Given records START
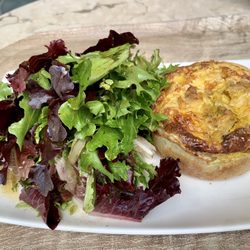 Le Jardin du Petit Palais - A la carte savory tart with curry chicken and onions and salad 14.50 euros - delicious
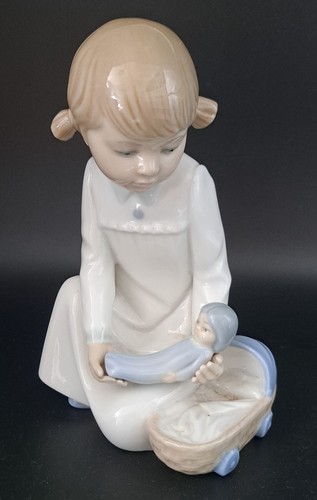Vintage nao lladro - by, figurine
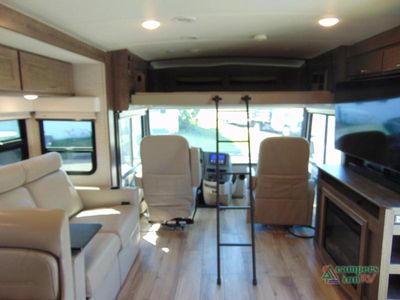 2023 Winnebago Forza — photo 14 view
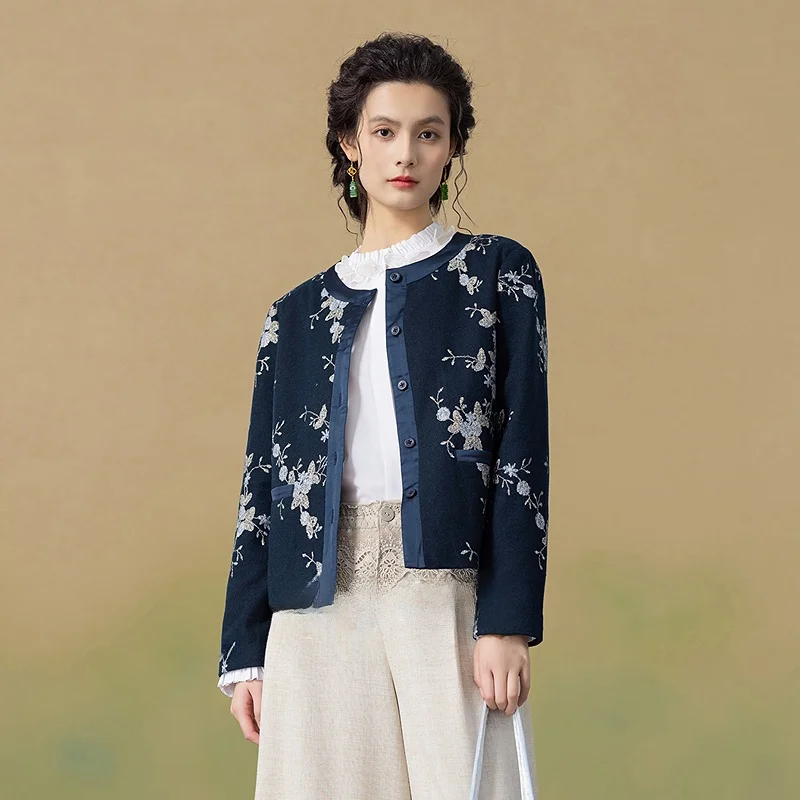 

Новая осенне-зимняя модная женская свободная кофта с вышивкой Ele, коллекция 2025 от a Life on the Left Living in Left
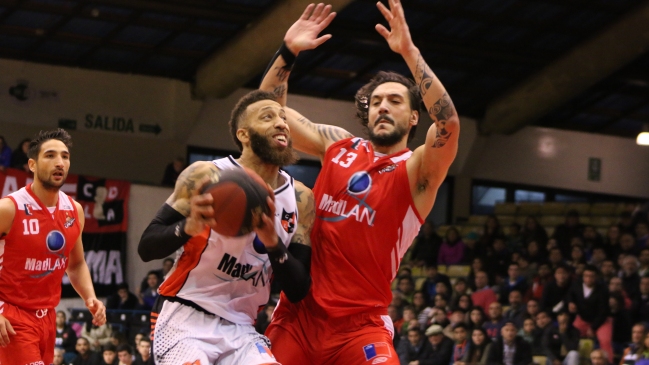 CD Valdivia amargó a Las Animas en el clásico y acortó distancias en la cima de la Conferencia Sur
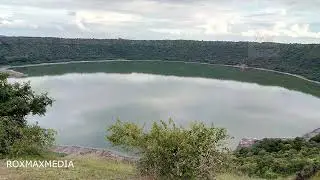 50,000 Year Old Lonar Lake India Mysteriously Turned Pink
Given records END
:: Problem statement ::
Please reproduce the entries above line by line, exactly, leaving out each image.

:: Task result ::
 Le Jardin du Petit Palais - A la carte savory tart with curry chicken and onions and salad 14.50 euros - delicious
Vintage nao lladro - by, figurine
 2023 Winnebago Forza — photo 14 view

Новая осенне-зимняя модная женская свободная кофта с вышивкой Ele, коллекция 2025 от a Life on the Left Living in Left
 CD Valdivia amargó a Las Animas en el clásico y acortó distancias en la cima de la Conferencia Sur
 50,000 Year Old Lonar Lake India Mysteriously Turned Pink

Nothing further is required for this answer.